March 11, 2005

 

moving on/backwards?

he bought a cd for me the night before he broke up with me, The Killers. he knew i had been wanting it for a while, i wasnt feeling good, it was on sale at best buy... it was meant to be. i'm glad i got that out of him at the last minute, as it were.

but i was getting to a point, wasnt i? i've had that cd in my car on constant shuffle since sunday. i'm so incredibly in love with it. and one track in particular, "smile like you mean it" seems to come up with a disturbing regularity.

i'm trying, i really am.

my knitting, though... SUCKS. i have shitloads of red yarn that i'll never get paid for now. (i was making Zissou hats for the band. they were supposed to pay me this week.) and i've lost all interest in any project that is REMOTELY connected to him. not even consciously, i'll just pick up something, and ... nah. i dont feel like working on that. the kitty i was making for my little cousin? i made one for chris. (that will probably be neglected in the back of his closet forever more, or otherwise neglected.) the hourglass sweater? the silk garden gauntlets? blah.

the worst? i'm one ball away from completing my Banff sweater. i have no money. i've worked on this project EXCLUSIVELY at his house, at band practices. he offered to buy me the last ball, if i could find any online. it now sits on my floor, one ball from completion.

i've now regressed to some of my really old WIP's... my Iro entrelac wrap, silk garden Rosedale United, my silky wool sweater. but even then, my heart's not really in it. i've made less progress on my knitting in the past few days than i did at any band practice in the last two months. its like i just cant seem to get into it.

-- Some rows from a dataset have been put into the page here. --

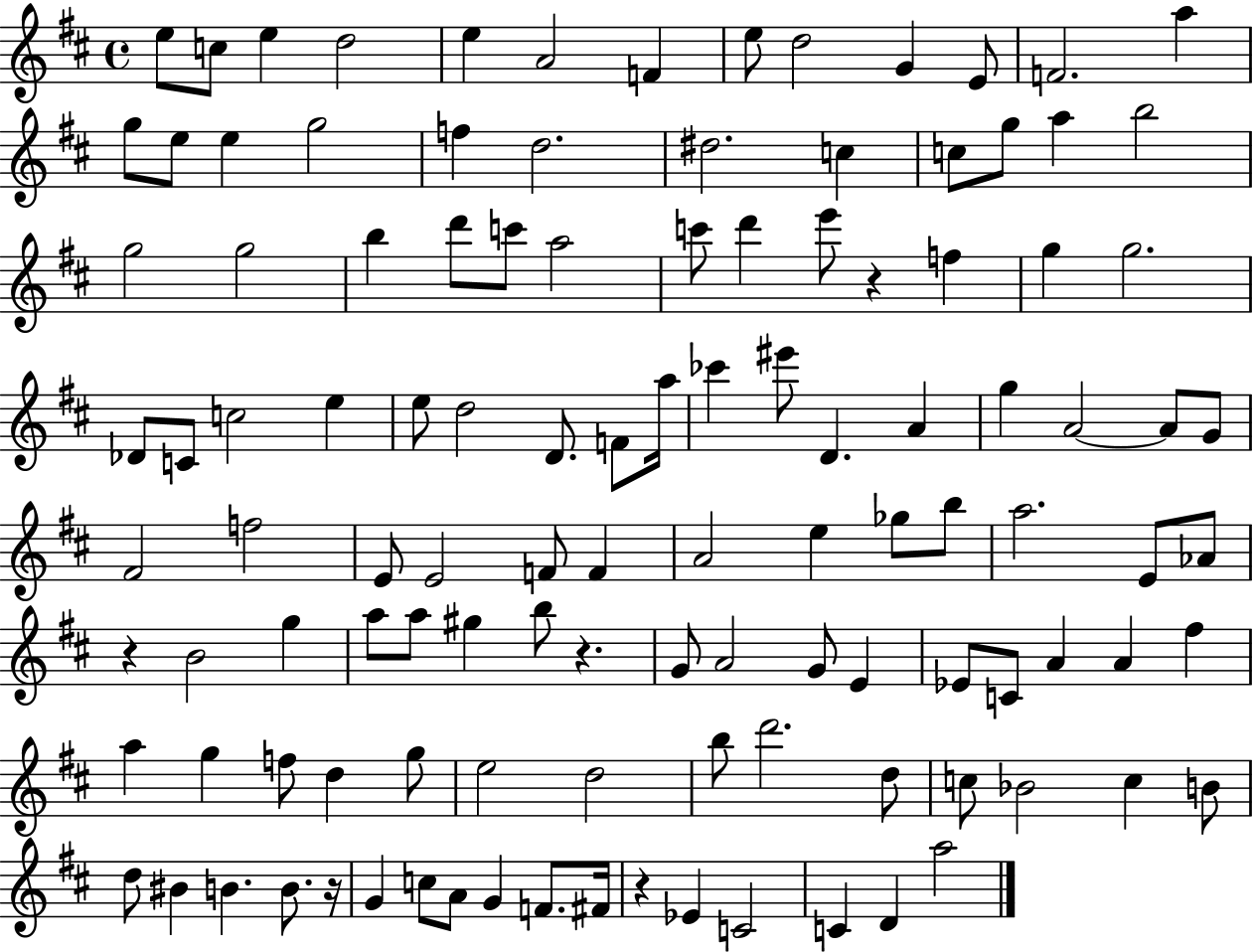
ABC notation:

X:1
T:Untitled
M:4/4
L:1/4
K:D
e/2 c/2 e d2 e A2 F e/2 d2 G E/2 F2 a g/2 e/2 e g2 f d2 ^d2 c c/2 g/2 a b2 g2 g2 b d'/2 c'/2 a2 c'/2 d' e'/2 z f g g2 _D/2 C/2 c2 e e/2 d2 D/2 F/2 a/4 _c' ^e'/2 D A g A2 A/2 G/2 ^F2 f2 E/2 E2 F/2 F A2 e _g/2 b/2 a2 E/2 _A/2 z B2 g a/2 a/2 ^g b/2 z G/2 A2 G/2 E _E/2 C/2 A A ^f a g f/2 d g/2 e2 d2 b/2 d'2 d/2 c/2 _B2 c B/2 d/2 ^B B B/2 z/4 G c/2 A/2 G F/2 ^F/4 z _E C2 C D a2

i've been spending a lot of time watching movies, reading trashy magazines, trying to re-hash what happened. but due to some particularly harsh events last night (him cursing me out, and making a point to inform me that he was out with his ex girlfriend) i'm finding it easier to ... begin to contemplate getting over him. the man i miss doesnt exist any more...

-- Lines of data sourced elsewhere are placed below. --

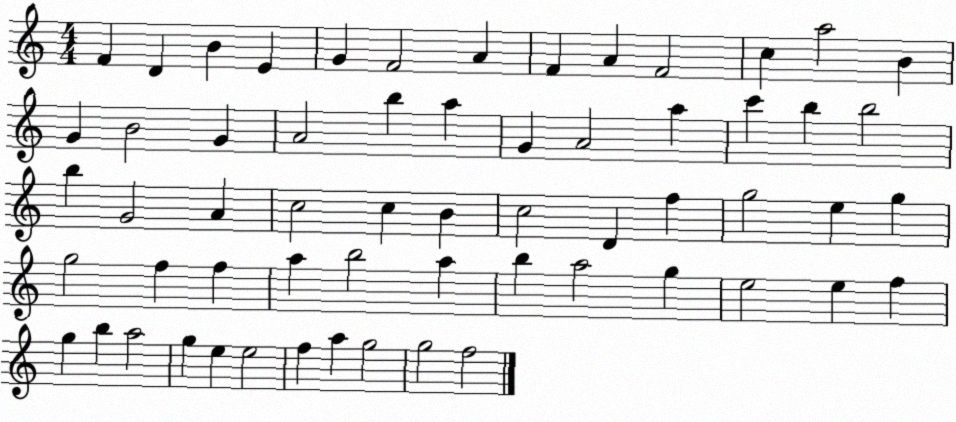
X:1
T:Untitled
M:4/4
L:1/4
K:C
F D B E G F2 A F A F2 c a2 B G B2 G A2 b a G A2 a c' b b2 b G2 A c2 c B c2 D f g2 e g g2 f f a b2 a b a2 g e2 e f g b a2 g e e2 f a g2 g2 f2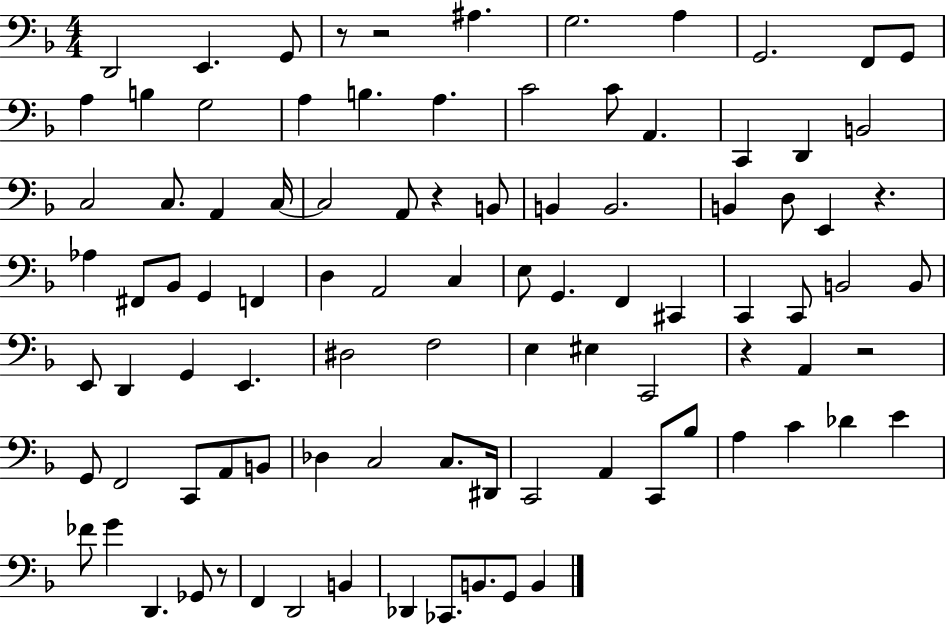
D2/h E2/q. G2/e R/e R/h A#3/q. G3/h. A3/q G2/h. F2/e G2/e A3/q B3/q G3/h A3/q B3/q. A3/q. C4/h C4/e A2/q. C2/q D2/q B2/h C3/h C3/e. A2/q C3/s C3/h A2/e R/q B2/e B2/q B2/h. B2/q D3/e E2/q R/q. Ab3/q F#2/e Bb2/e G2/q F2/q D3/q A2/h C3/q E3/e G2/q. F2/q C#2/q C2/q C2/e B2/h B2/e E2/e D2/q G2/q E2/q. D#3/h F3/h E3/q EIS3/q C2/h R/q A2/q R/h G2/e F2/h C2/e A2/e B2/e Db3/q C3/h C3/e. D#2/s C2/h A2/q C2/e Bb3/e A3/q C4/q Db4/q E4/q FES4/e G4/q D2/q. Gb2/e R/e F2/q D2/h B2/q Db2/q CES2/e. B2/e. G2/e B2/q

tomorrow night, i'm going out with the girls. good lord, i need this.

(thank you, everyone, for the kind words lately. i just wish some of you had left email addresses i could reply to you personally at! some made me smile, a few made me cry, but every single comment has made me profoundly grateful for finding this wonderful world of knit-bloggers. every single word has made a difference, thank you all.)

Comments:
I'm so sorry you've gotta go through this. Nothing anyone says can stop the pain you're feeling, so I won't go into the slew of typical breakup advice. It will get better though, and from reading your blog, I know you know this.
Now is your time to focus on you and to heal. I always either destroy everything of sentimental value if I want to FORGET, or box it up and hide it for a while if I want to REMEMBER (later of course.)

My two cents...
1)snag up all the projects that remind you of him and stuff them in a box, only to be opened at a later time when you're not going to 'feel' their sentimental value.
2)or, frog those hats and the Banff (gasp, I did just say that) and start some new projects (ones without any sentimental attachment to said boy)!
3)or, have a "destashing sale" for the yarn from those hats. I'm sure one of your fellow knitters in blog land has a use for gads of red yarn and would be happy to take it off your hands. Either that or see if someone would be willing to trade for yarn that would be more useful for a new project for you.

Well wishes and better prospects for you:)
Lara
 
I'm tried to leave a comment yesterday, but blogger didn't like me :(

Anyway, I am so sorry to hear about your troubles. That really sucks. I hope that things will get better for you soon. Focus on healing.

Take care of you right now. You are soooo important! Don't forget that!